Chorando no ombro do guarda, Elisa perguntou por que não a deportavam logo. Pois era isso mesmo que fariam, respondeu o agente, feliz como um beija-flor na primavera. “Me senti numa cena de filme, fui algemada, segurei a plaquinha com o número do meu passaporte e tirei aquelas fotos de perfil.” Como no cinema, teve direito a seu telefonema. Avisou à mãe que estava bem, a caminho de casa.

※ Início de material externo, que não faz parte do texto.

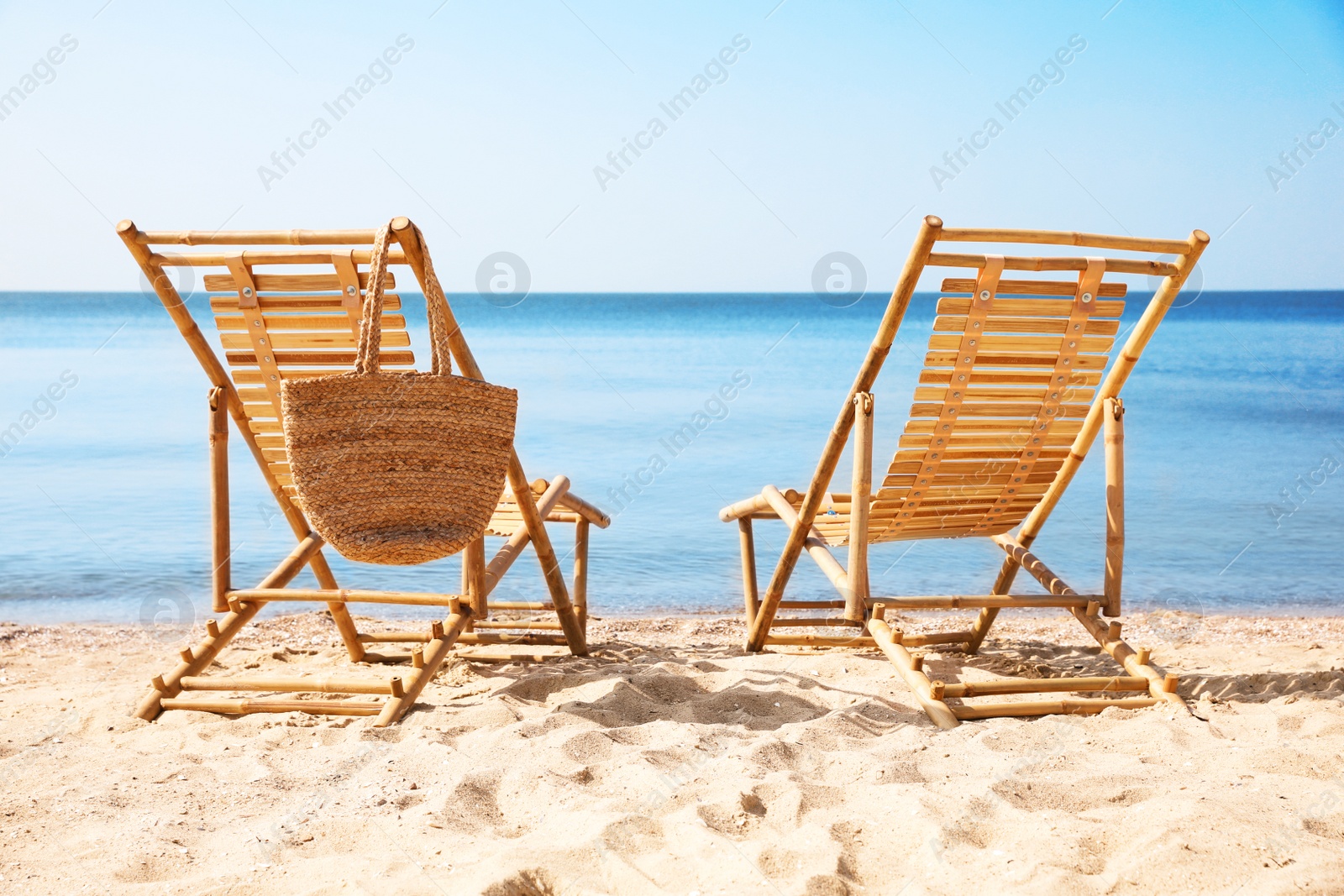 Photo of Wooden deck chairs on sandy beach near sea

Às seis da manhã, transferiram a brasileira para o aeroporto JFK, de onde seu voo sairia às 23 horas. Passou as dezoito horas mais longas da sua vida aguardando numa salinha branca com uma única saída de ar. Para passar o tempo, ficou torcendo um lenço roxo que por sorte tinha à mão.
Elisa já não sabia quantos nós havia feito no lencinho quando avistou o agente que conduzira o interrogatório no dia anterior. Ele viera de Newark apenas para se despedir dela. O choro da menina o sensibilizara. Explicou que ele e sua turma acharam que ela fosse uma grande traficante do East Village. Pediu desculpas e disse que, dentro de um ano, ela poderia voltar para os Estados Unidos. Os dois se abraçaram e Elisa o convidou para ficar na casa dela quando fosse ao Brasil.
O policial talvez tenha desconfiado ali de que a história do laptop afinal não era tão descabida assim. Mas já não havia como voltar atrás. Elisa embarcou algemada. Chegou à casa da mãe às onze da noite do dia 31, a tempo de ver os fogos de artifício.